**Problem requirements**
Please, could you print all the lines below exactly, leaving out the pictures?
(Records for the exercise begins)
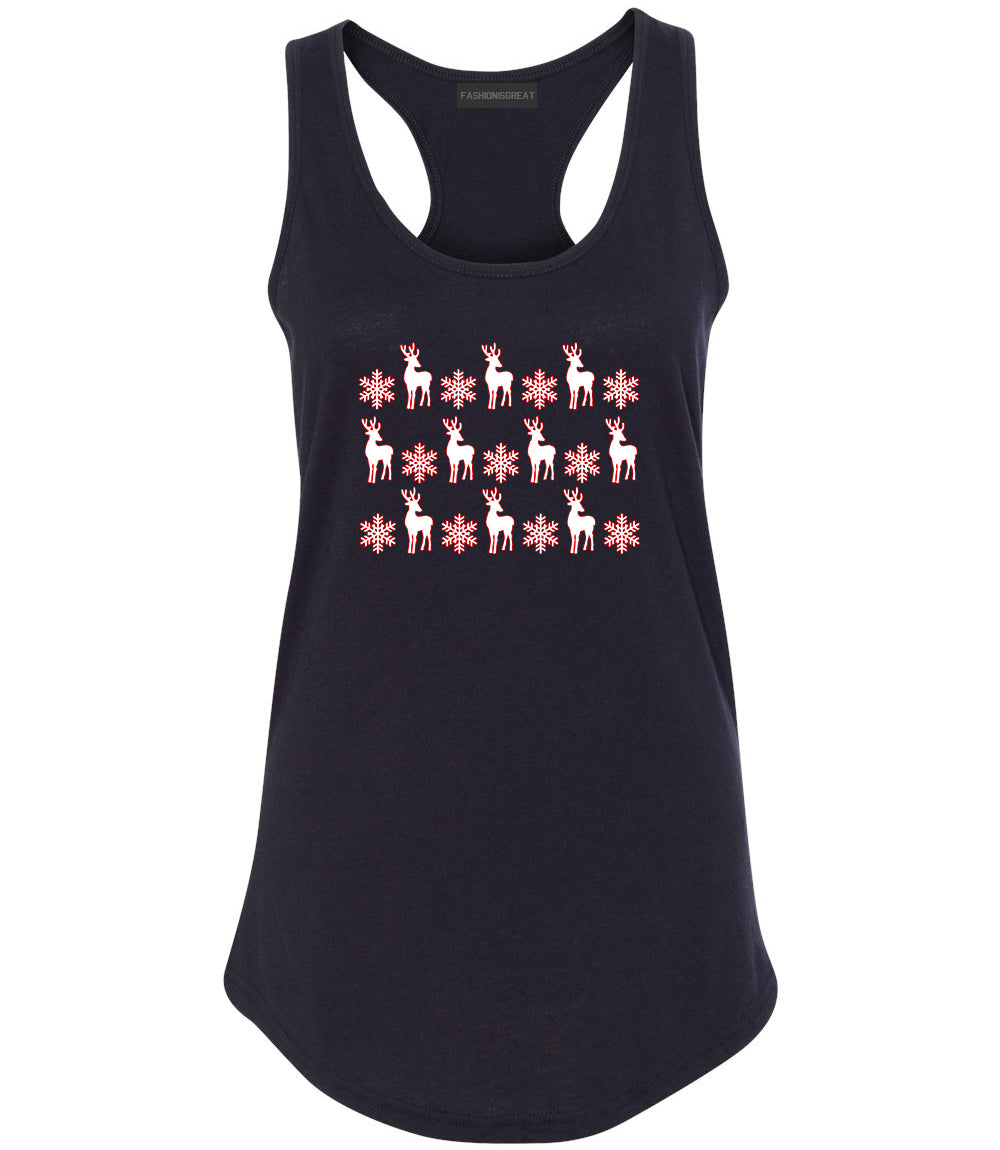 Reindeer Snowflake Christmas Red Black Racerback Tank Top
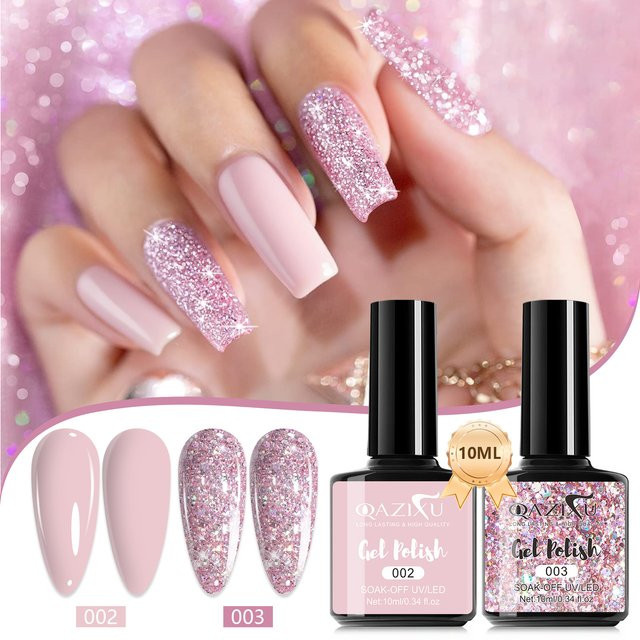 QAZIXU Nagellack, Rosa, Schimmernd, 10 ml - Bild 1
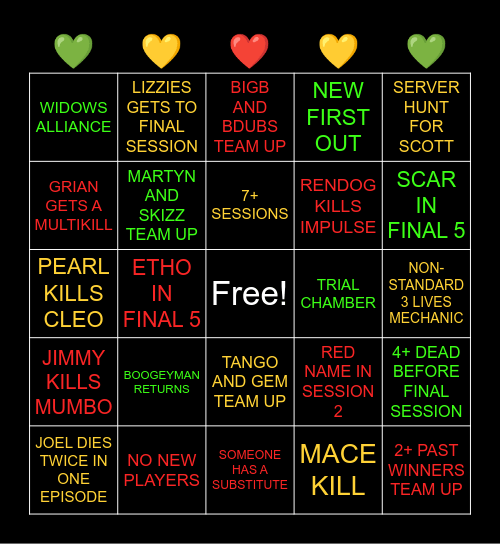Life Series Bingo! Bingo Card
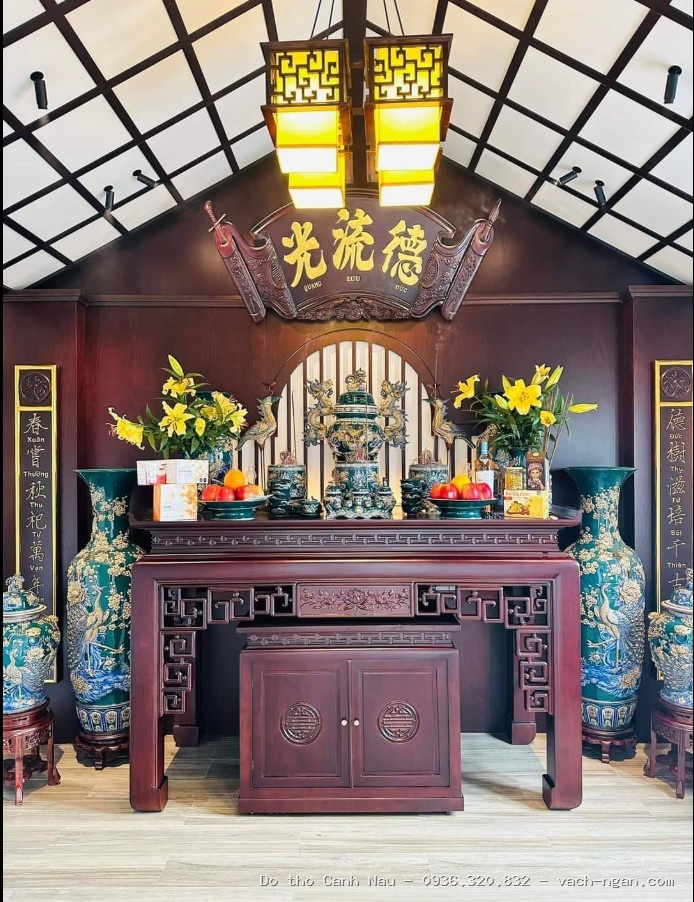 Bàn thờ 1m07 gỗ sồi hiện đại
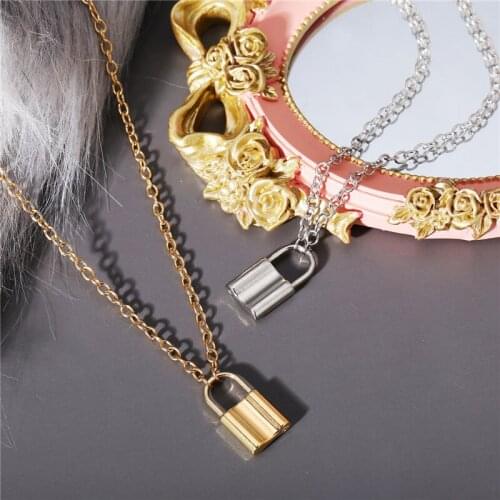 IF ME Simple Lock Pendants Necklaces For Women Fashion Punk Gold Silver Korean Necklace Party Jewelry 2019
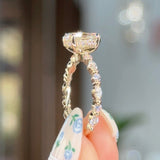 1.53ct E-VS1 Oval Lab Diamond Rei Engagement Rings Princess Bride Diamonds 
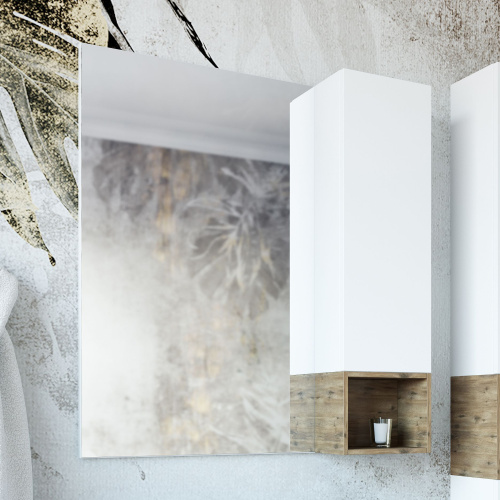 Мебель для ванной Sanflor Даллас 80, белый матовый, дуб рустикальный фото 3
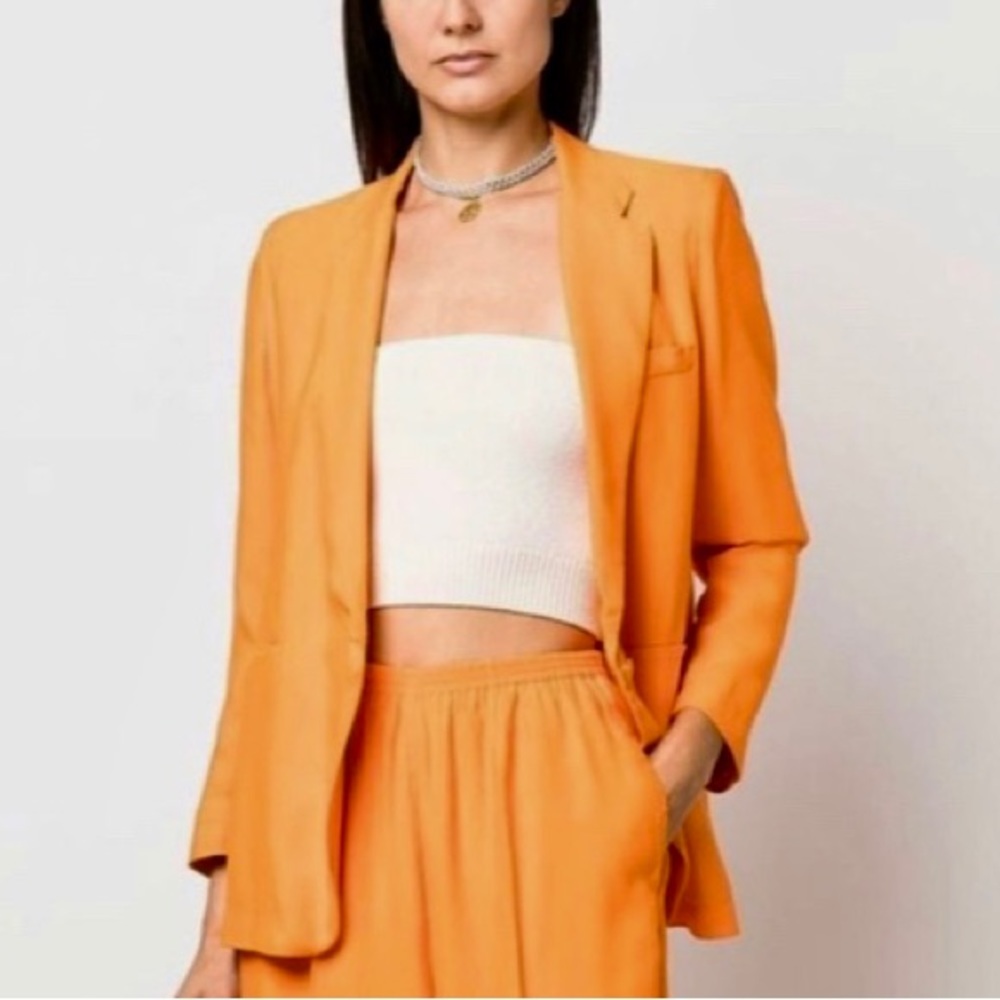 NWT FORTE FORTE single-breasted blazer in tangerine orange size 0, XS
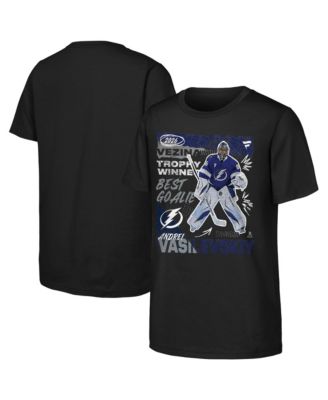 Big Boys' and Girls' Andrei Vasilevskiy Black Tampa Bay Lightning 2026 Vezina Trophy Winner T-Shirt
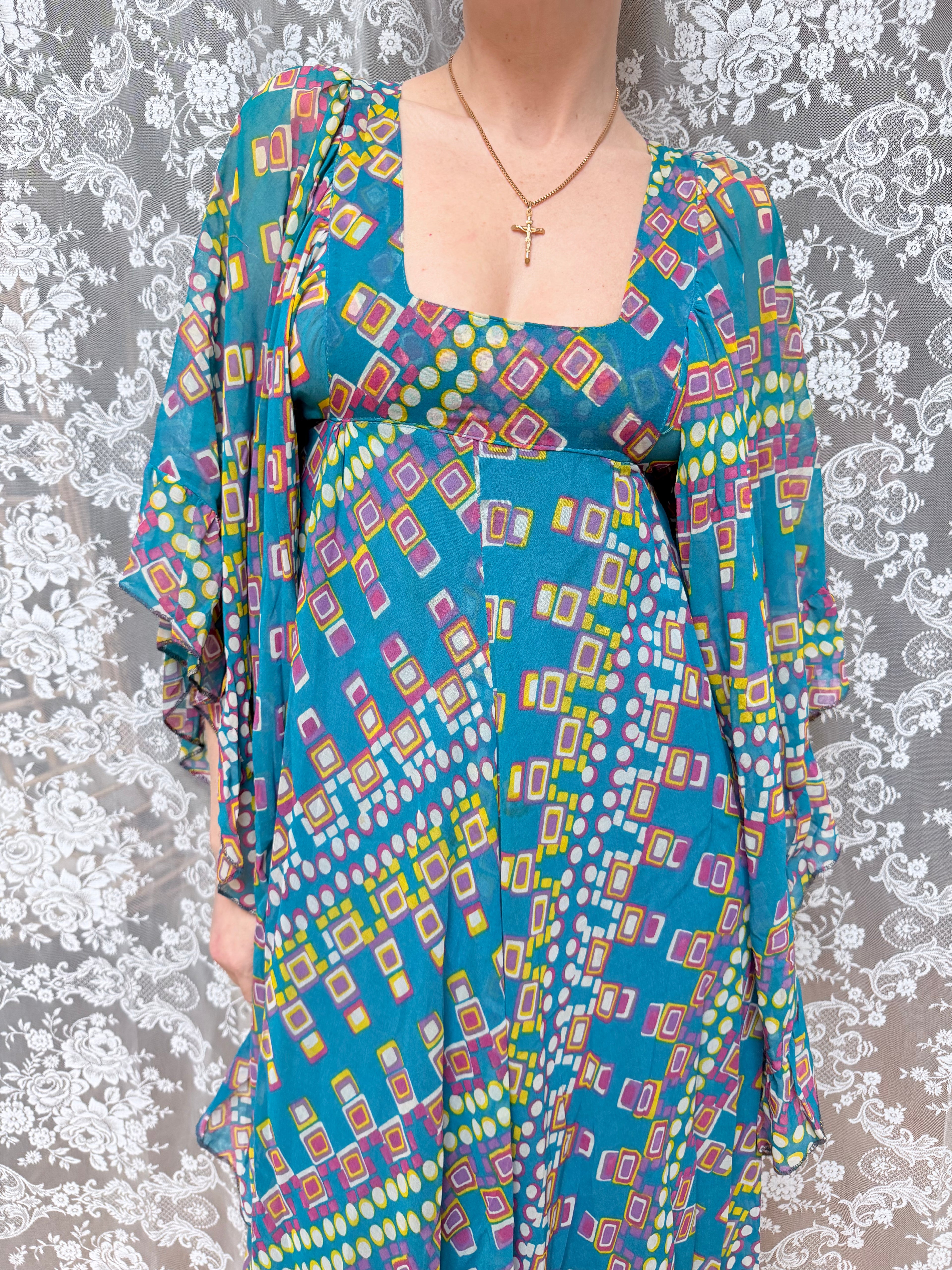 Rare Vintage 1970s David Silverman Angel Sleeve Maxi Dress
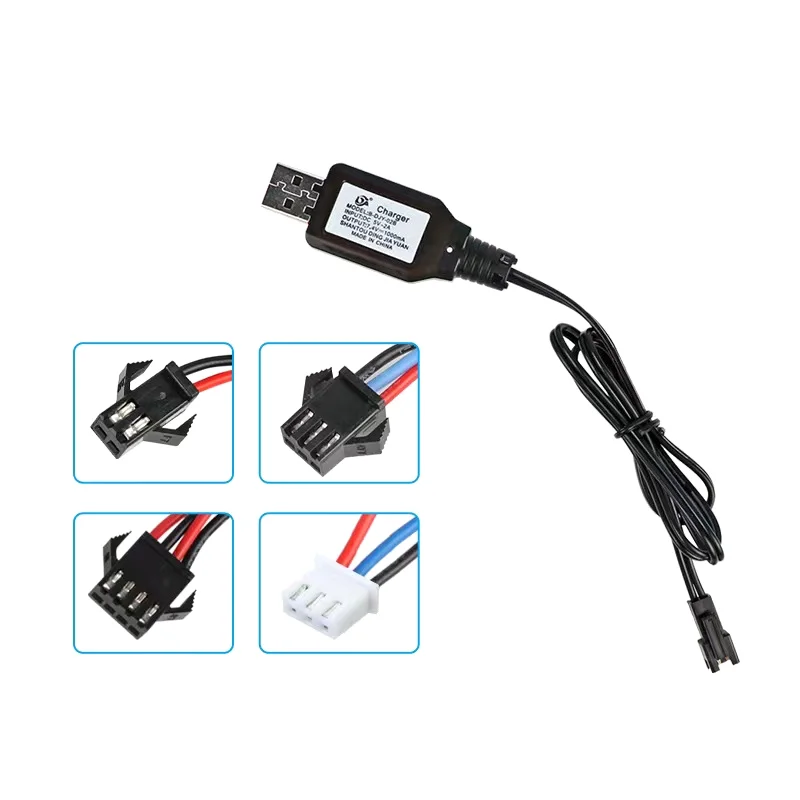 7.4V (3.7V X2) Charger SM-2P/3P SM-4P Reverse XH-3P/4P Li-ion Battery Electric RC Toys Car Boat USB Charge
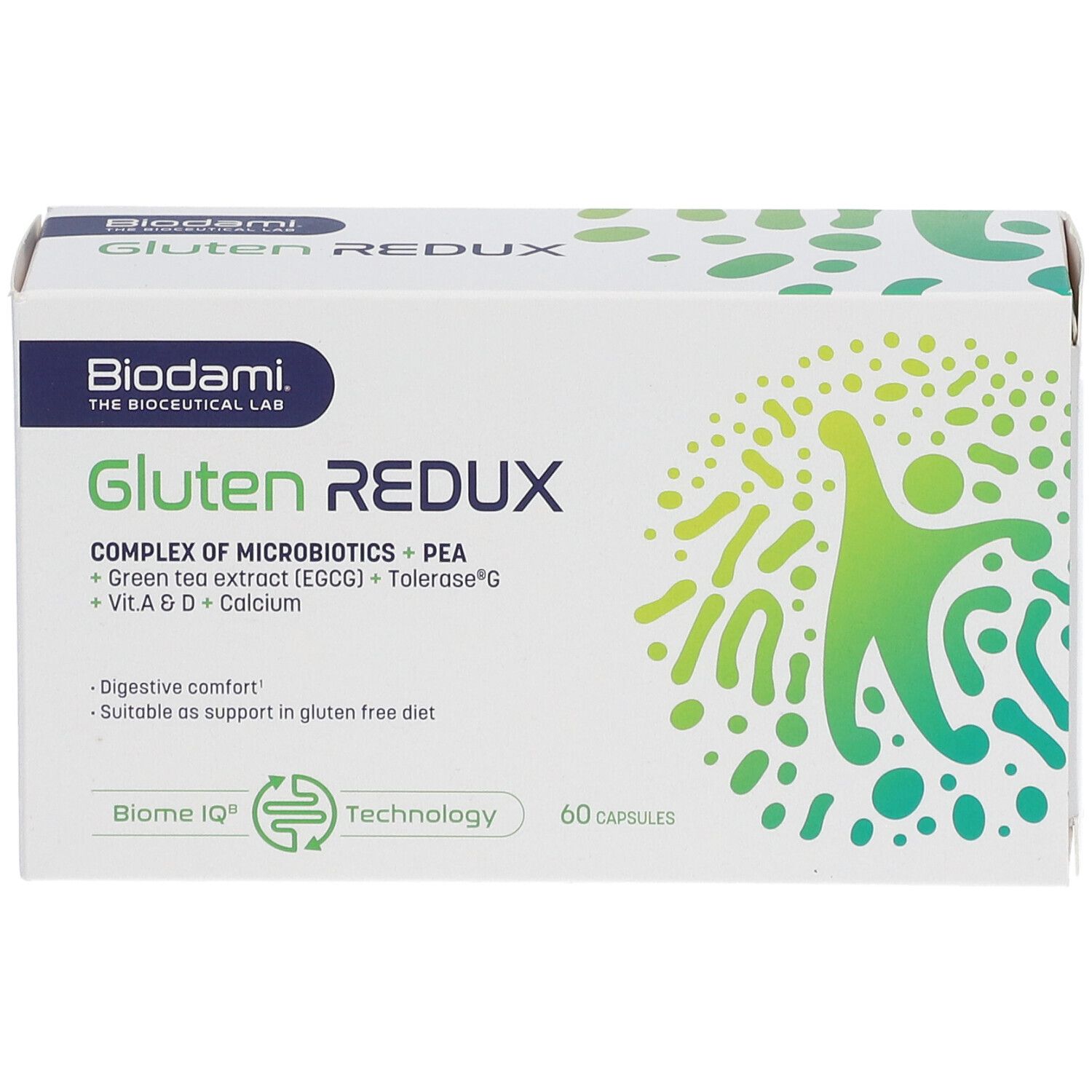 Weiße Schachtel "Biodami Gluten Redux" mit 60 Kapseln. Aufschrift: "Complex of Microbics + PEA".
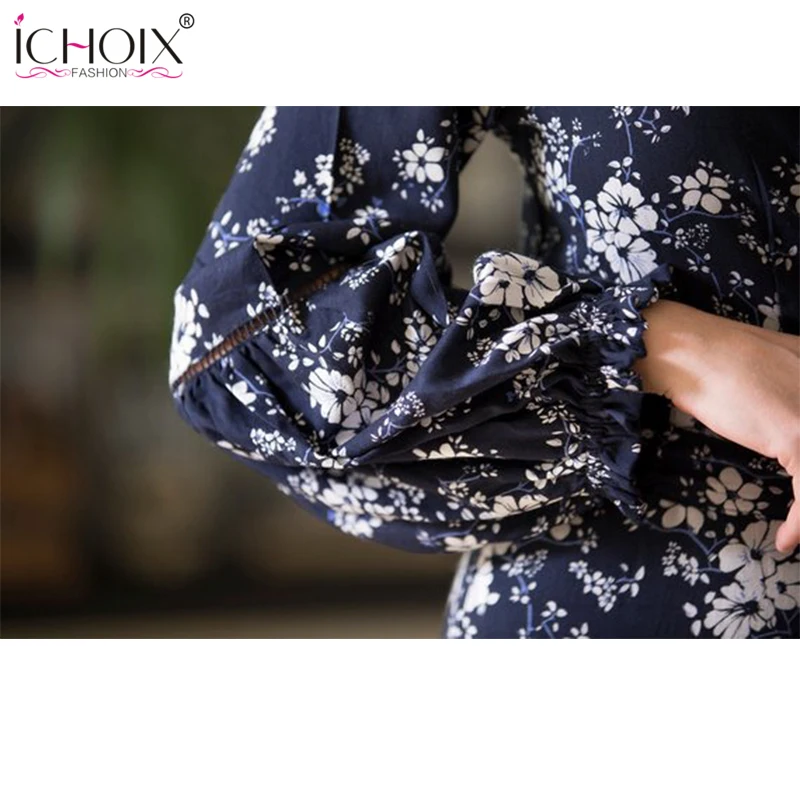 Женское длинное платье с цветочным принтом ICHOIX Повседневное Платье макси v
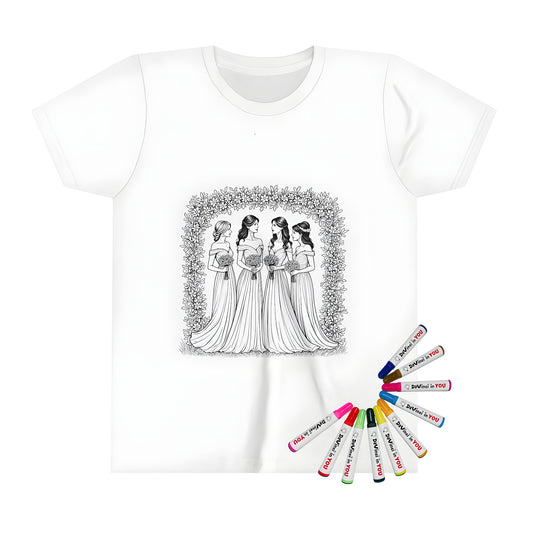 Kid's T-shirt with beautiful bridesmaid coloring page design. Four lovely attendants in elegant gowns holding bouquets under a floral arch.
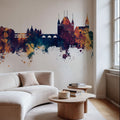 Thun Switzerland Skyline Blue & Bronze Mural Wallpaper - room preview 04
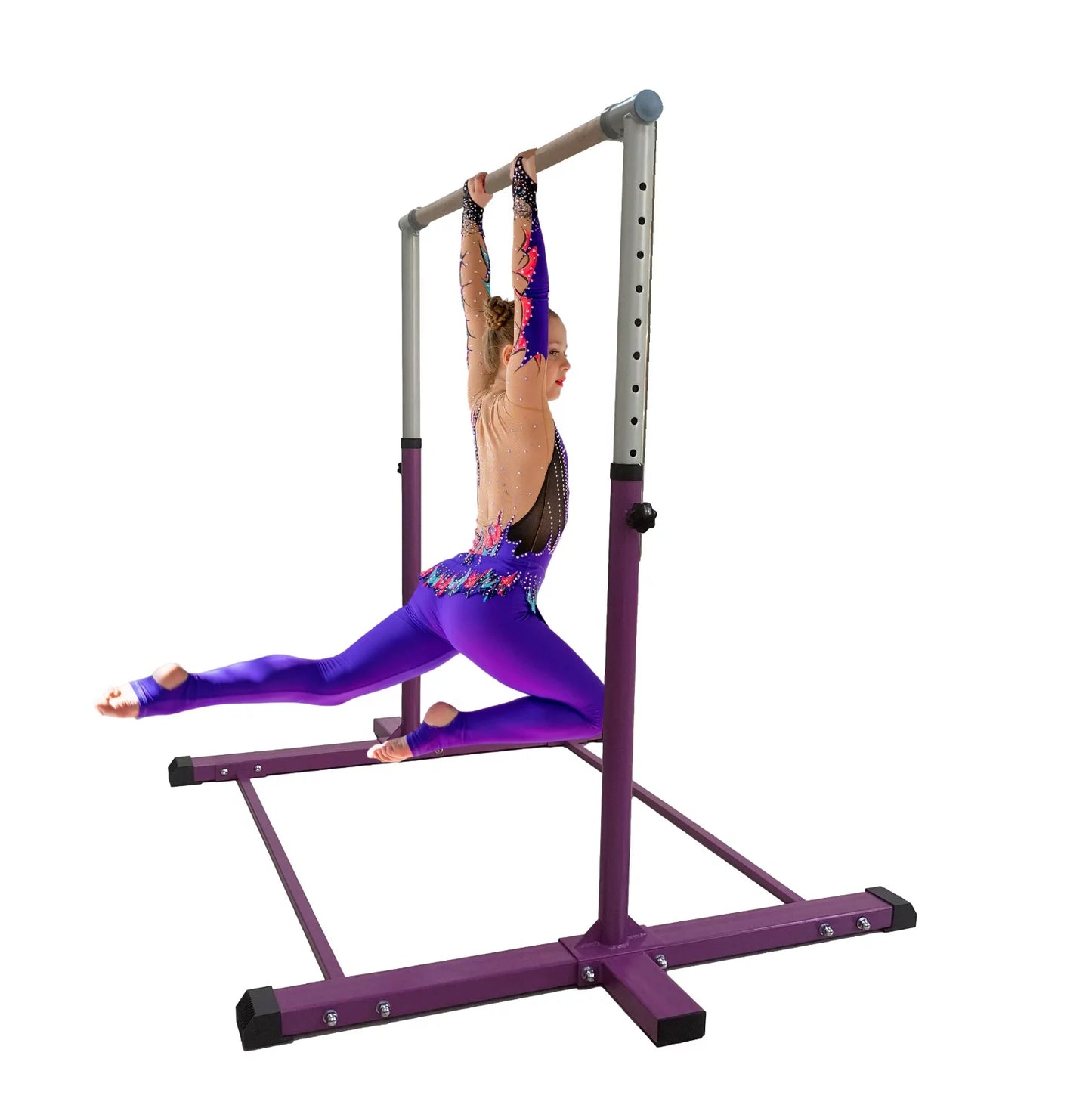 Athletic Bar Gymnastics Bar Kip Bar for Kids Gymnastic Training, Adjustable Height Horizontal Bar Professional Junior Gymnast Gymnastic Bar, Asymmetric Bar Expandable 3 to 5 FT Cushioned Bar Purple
(Records for the exercise ends)
**Exercise solution**
 Reindeer Snowflake Christmas Red Black Racerback Tank Top
 QAZIXU Nagellack, Rosa, Schimmernd, 10 ml - Bild 1
Life Series Bingo! Bingo Card
 Bàn thờ 1m07 gỗ sồi hiện đại
 IF ME Simple Lock Pendants Necklaces For Women Fashion Punk Gold Silver Korean Necklace Party Jewelry 2019
 1.53ct E-VS1 Oval Lab Diamond Rei Engagement Rings Princess Bride Diamonds 
 Мебель для ванной Sanflor Даллас 80, белый матовый, дуб рустикальный фото 3
 NWT FORTE FORTE single-breasted blazer in tangerine orange size 0, XS
 Big Boys' and Girls' Andrei Vasilevskiy Black Tampa Bay Lightning 2026 Vezina Trophy Winner T-Shirt
 Rare Vintage 1970s David Silverman Angel Sleeve Maxi Dress
 7.4V (3.7V X2) Charger SM-2P/3P SM-4P Reverse XH-3P/4P Li-ion Battery Electric RC Toys Car Boat USB Charge
 Weiße Schachtel "Biodami Gluten Redux" mit 60 Kapseln. Aufschrift: "Complex of Microbics + PEA".
 Женское длинное платье с цветочным принтом ICHOIX Повседневное Платье макси v
 Kid's T-shirt with beautiful bridesmaid coloring page design. Four lovely attendants in elegant gowns holding bouquets under a floral arch.
 Thun Switzerland Skyline Blue & Bronze Mural Wallpaper - room preview 04
 Athletic Bar Gymnastics Bar Kip Bar for Kids Gymnastic Training, Adjustable Height Horizontal Bar Professional Junior Gymnast Gymnastic Bar, Asymmetric Bar Expandable 3 to 5 FT Cushioned Bar Purple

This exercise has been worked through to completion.